L’obiettivo è che non se ne discuta.
Non solo: il cuore dell’intervento di Grillo ha senso e appare legittimo anche e soprattutto sulla base di alcuni dati. Negli ultimi 10 anni la media annua delle denunce per stupro esitate in condanna si aggira attorno al 37% (dati ISTAT). Vale a dire che il restante 63% (un’enormità!) viene archiviato come infondato o esita in assoluzioni che continuano ancora oggi a risultare frequentissime. Di quelle che finiscono in condanna, moltissime vedono come colpevoli persone non italiane, che spesso commettono il reato in contesti di degrado o solitudine (ciò non sminuisce la loro colpa ovviamente, stiamo solo contestualizzando i dati). Molte altre denunce di stupro, poi, tendono curiosamente a colpire uomini ricchi o benestanti. Difficile trovare alla sbarra per violenza sessuale un metalmeccanico o un operatore di call-center, a meno che costoro non si stiano separando conflittualmente dalla moglie, in quel caso tutto è possibile. Su tutto, insomma, aleggia la casistica registrata in passato da diverse operatrici (donne) di giustizia, che quantificarono tra l’80 e il 90% la quota di false denunce di donne a carico di uomini per questioni di violenza. Una casistica depositata agli atti del Senato e debitamente dimenticata.
Con ciò non diciamo che l’accusatrice di Ciro Grillo è una furbacchiona o che il ragazzo è innocente. Questa è roba da giudici: aspettiamo una sentenza, con le sue motivazioni, dopo di che commenteremo.
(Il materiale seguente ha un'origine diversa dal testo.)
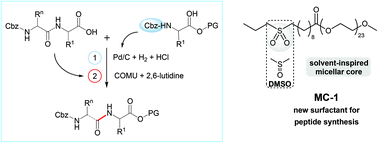 Graphical abstract: MC-1. A “designer” surfactant engineered for peptide synthesis in water at room temperature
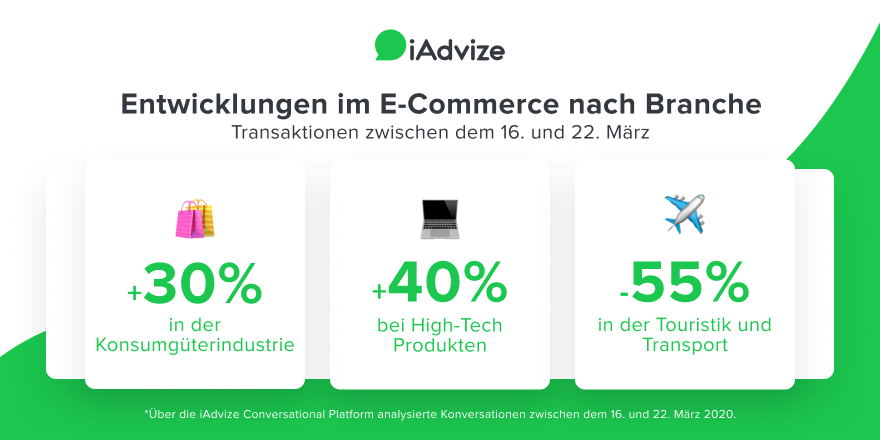 Zahlen sprechen für sich. In unserer zweiten Ausgabe zu den Entwicklungen des E-Commerce in Zeiten des Coronavirus steigen wir noch tiefer in die Daten ein. bit.ly/2vPfjWk
#ecommerce #OnlineHandel #Kundenservice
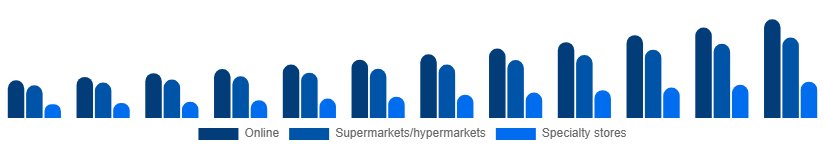 Global Vegan Protein Powder Market Distribution 2025-2033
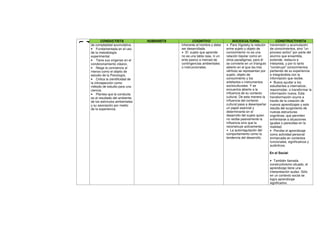 CONDUCTISTA             HUMANISTA           COGNITIVO                SOCIOCULTURAL                   CONSTRUCTIVISTA




N
U
F
de complejidad acumulativa.                 inherente al hombre y debe    • Para Vigotsky la relación    transmisión y acumulación
• Fundamentada en el uso                    ser desarrollada.             entre sujeto y objeto de       de conocimientos, sino "un
de la metodología                           • El sujeto que aprende       conocimiento no es una         proceso activo" por parte del
experimental.                               no es una tabla rasa, ni un   relación bipolar como en       alumno que ensambla,
• Tiene sus orígenes en el                  ente pasivo a merced de       otros paradigmas, para él      extiende, restaura e
condicionamiento clásico.                   contingencias ambientales     se convierte en un triangulo   interpreta, y por lo tanto
• Niega la conciencia al                    o instruccionales.            abierto en el que las tres     "construye" conocimientos
menos como el objeto de                                                   vértices se representan por    partiendo de su experiencia
estudio de la Psicología.                                                 sujeto, objeto de              e integrándola con la
• Critica la cientificidad de                                             conocimiento y los             información que recibe.
la introspección como                                                     artefactos o instrumentos      • Busca ayudar a los
método de estudio para una                                                socioculturales. Y se          estudiantes a internalizar,
ciencia.                                                                  encuentra abierto a la         reacomodar, o transformar la
• Plantea que la conducta                                                 influencia de su contexto      información nueva. Esta
es el resultado del ambiente,                                             cultural. De esta manera la    transformación ocurre a
de los estímulos ambientales                                              influencia del contexto        través de la creación de
y su asociación por medio                                                 cultural pasa a desempeñar     nuevos aprendizajes y esto
de la experiencia.                                                        un papel esencial y            resulta del surgimiento de
                                                                          determinante en el             nuevas estructuras
                                                                          desarrollo del sujeto quien    cognitivas, que permiten
                                                                          no recibe pasivamente la       enfrentarse a situaciones
                                                                          influencia sino que la         iguales o parecidas en la
                                                                          reconstruye activamente.       realidad.
                                                                          • La autorregulación del       • Percibe el aprendizaje
                                                                          comportamiento como la         como actividad personal
                                                                          tendencia del desarrollo.      enmarcada en contextos
                                                                                                         funcionales, significativos y
                                                                                                         auténticos.

                                                                                                         En el Social:

                                                                                                         • También llamada
                                                                                                         constructivismo situado, el
                                                                                                         aprendizaje tiene una
                                                                                                         interpretación audaz: Sólo
                                                                                                         en un contexto social se
                                                                                                         logra aprendizaje
                                                                                                         significativo.
 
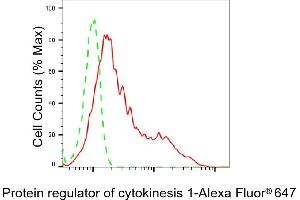 Flow cytometric analysis of Protein regulator of cytokinesis 1 expression in HepG2 cells using Protein regulator of cytokinesis 1 antibody (ABIN7800037), 1:2,000). (Recombinant PRC1 antibody)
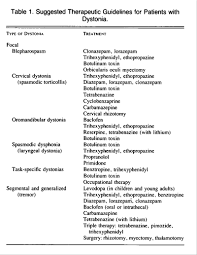 Clinical improvement was confirmed by vdf and emg. Therapeutic Uses Of Botulinum Toxin Nejm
Diciamo invece che nel merito l’opinione di Beppe Grillo è più che legittima e ha più di un elemento a renderla abbastanza fondata da darle dignità di oggetto di discussione. Dignità che invece le viene negata dall’inquinamento della politica, dalla folle modalità comunicativa di Grillo e da tutto l’infame circo criminalizzante del mainstream femminista che coglie l’occasione per alzare sul tema una cortina fumogena fatta di slogan e concetti senza senso e, quelli sì, criminali, come la presunta e dilagante “cultura dello stupro”. A cui evidentemente, numeri alla mano, è sottomessa anche tutta quella magistratura italiana che archivia e assolve uomini accusati di stupro nel 63% dei casi, sebbene sia composta al 70% da giudici donne. Insomma, al di là delle giaculatorie del femminismo suprematista nazionale e del rumore politico, dunque andando al cuore dello sfogo di Grillo, ce ne sarebbero di contraddizioni su cui discutere, in attesa che i giudici dirimano ufficialmente e nel merito la vicenda di Ciro Grillo. Ma l’obiettivo di tutta la cortina fumogena è proprio questo: che non se ne discuta, o al massimo che se ne discuta restando su binari prestabiliti e soprattutto innocui per il femminismo, la sua ideologia e il suo circuito d’interessi.